======== Listed records
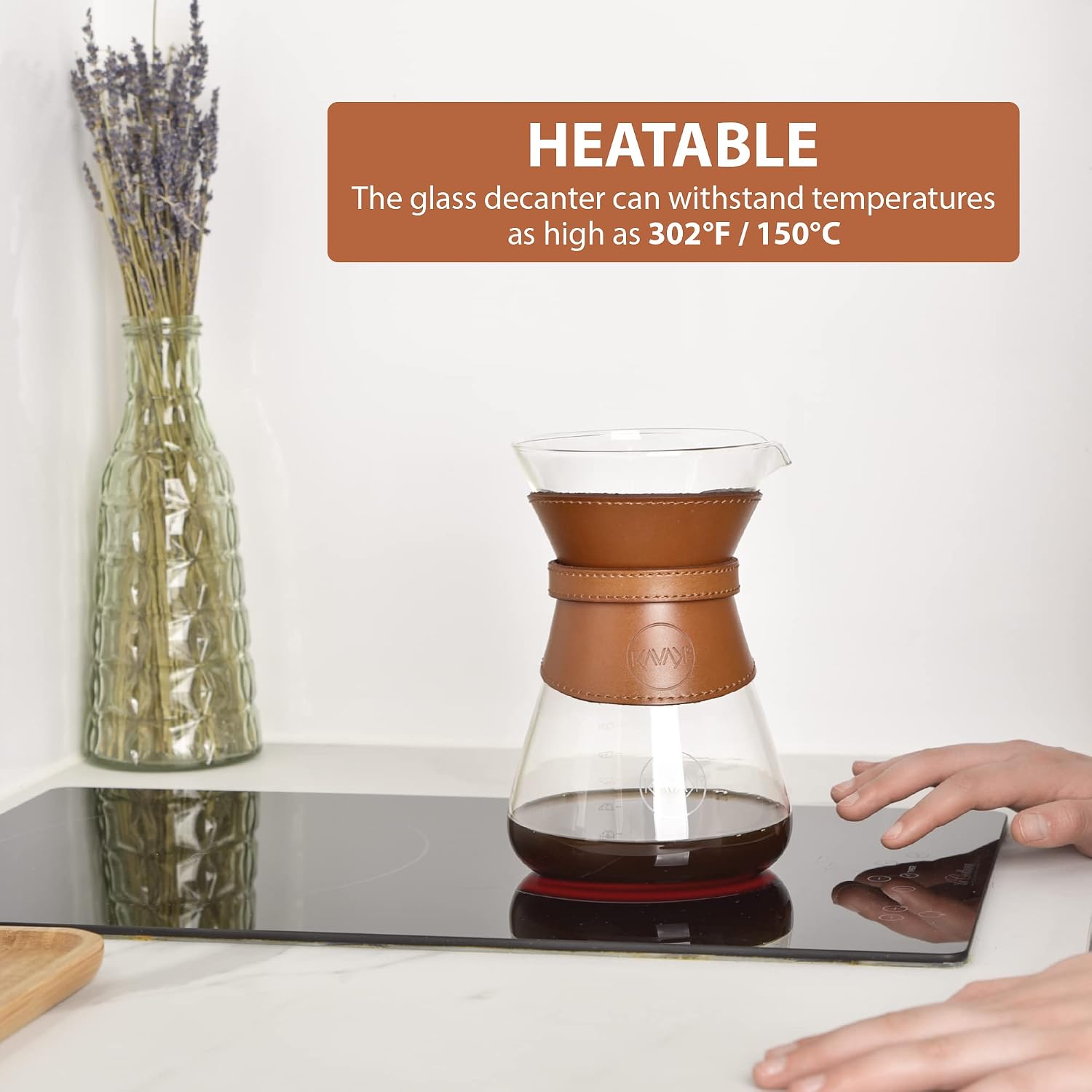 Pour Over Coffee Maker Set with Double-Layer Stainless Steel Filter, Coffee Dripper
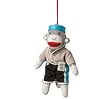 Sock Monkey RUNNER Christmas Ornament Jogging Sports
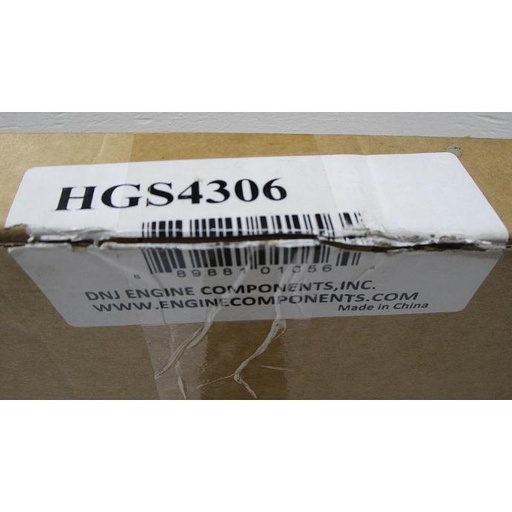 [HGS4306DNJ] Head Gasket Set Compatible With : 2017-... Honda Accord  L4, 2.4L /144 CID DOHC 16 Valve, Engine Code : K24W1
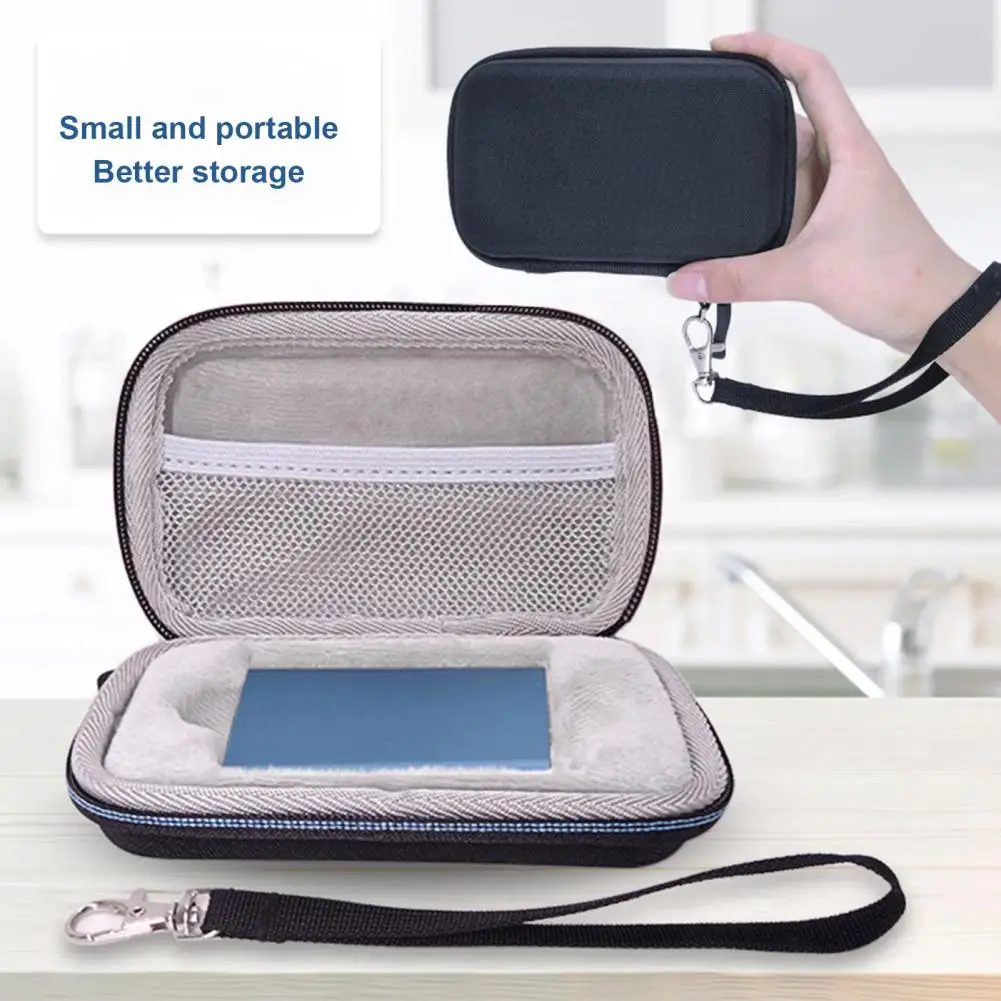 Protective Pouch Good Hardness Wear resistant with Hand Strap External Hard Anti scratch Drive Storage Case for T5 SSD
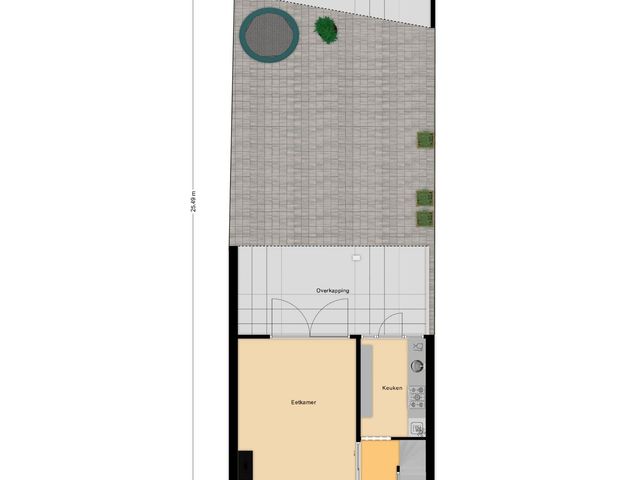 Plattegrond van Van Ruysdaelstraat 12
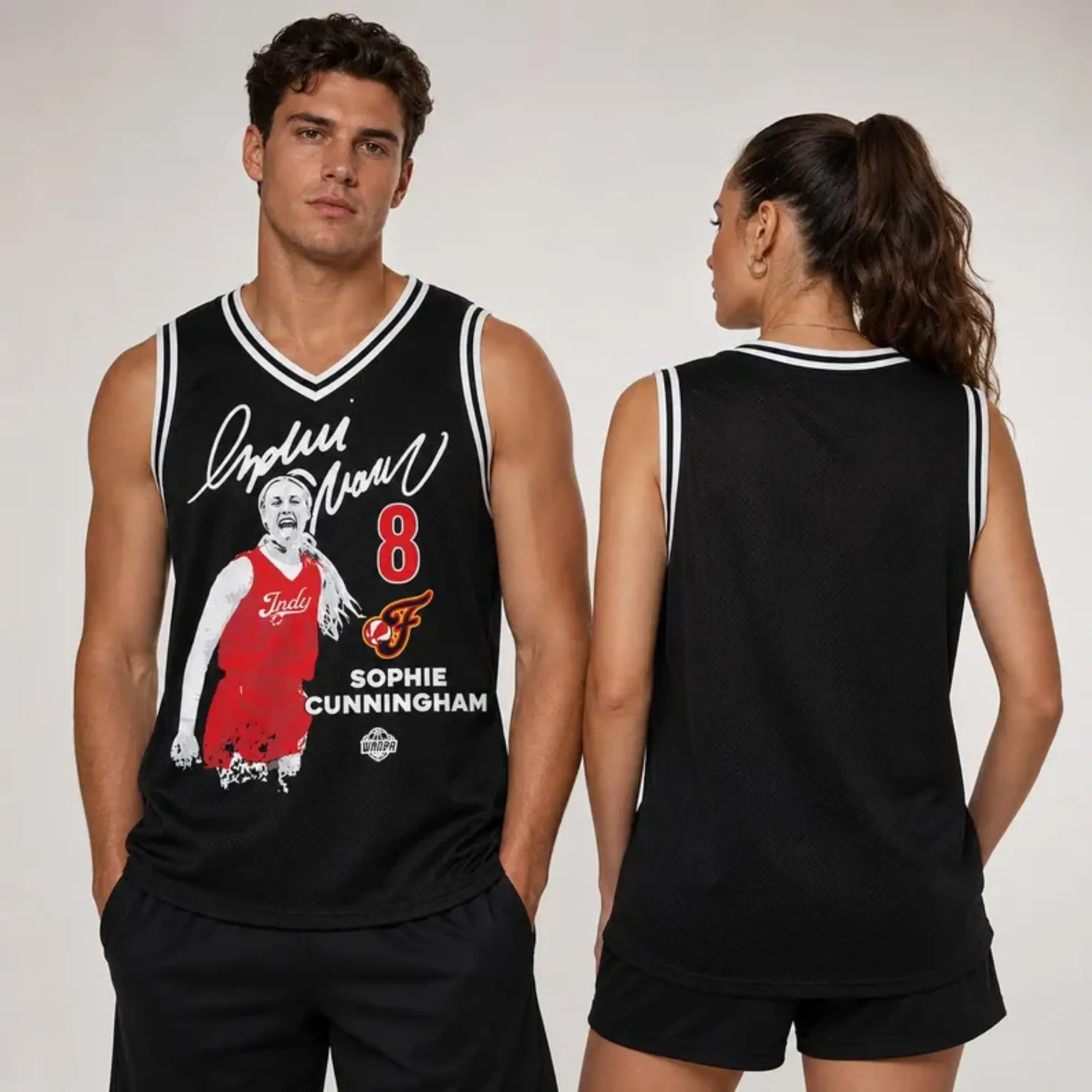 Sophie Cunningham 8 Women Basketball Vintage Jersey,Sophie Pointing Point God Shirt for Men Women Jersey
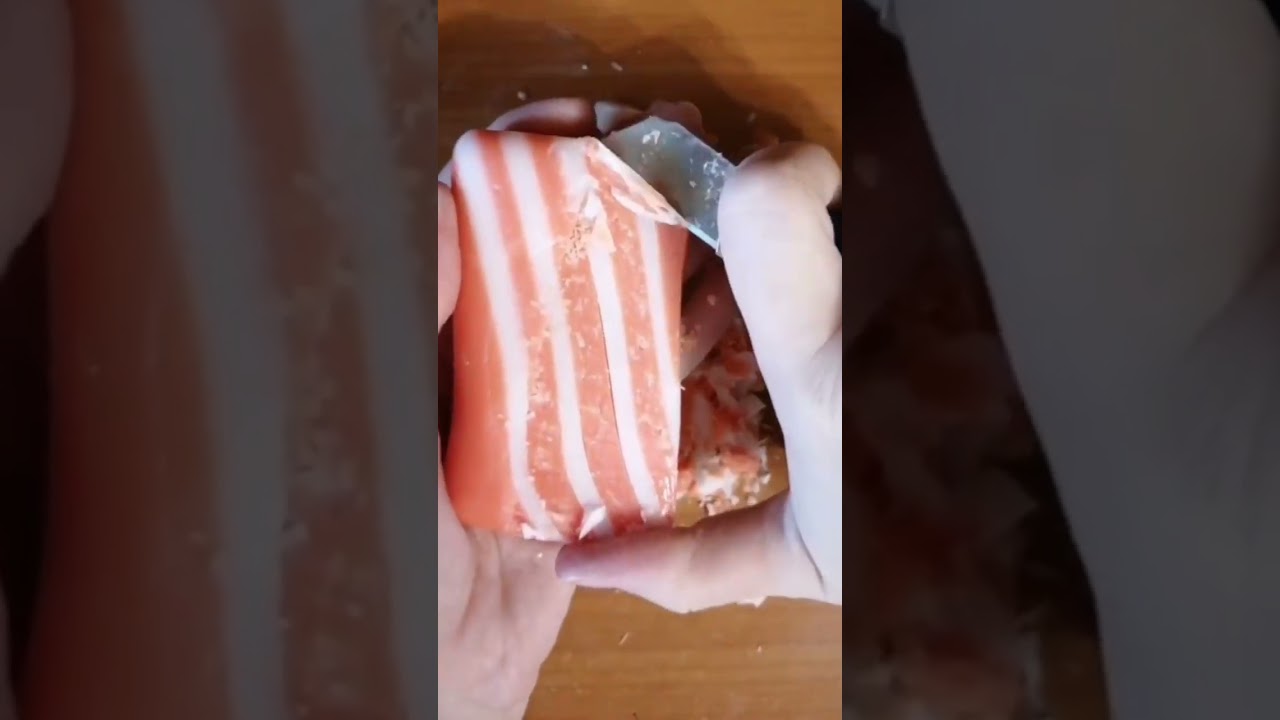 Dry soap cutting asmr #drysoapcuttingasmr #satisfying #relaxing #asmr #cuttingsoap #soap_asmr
================
Aim of the task: The answer should consist only of the lines from the line with "Plattegrond van Van Ruysdaelstraat 12" through the last line of the data, repeated exactly; pictures stay out.

Result of this exercise:
 Plattegrond van Van Ruysdaelstraat 12
 Sophie Cunningham 8 Women Basketball Vintage Jersey,Sophie Pointing Point God Shirt for Men Women Jersey
 Dry soap cutting asmr #drysoapcuttingasmr #satisfying #relaxing #asmr #cuttingsoap #soap_asmr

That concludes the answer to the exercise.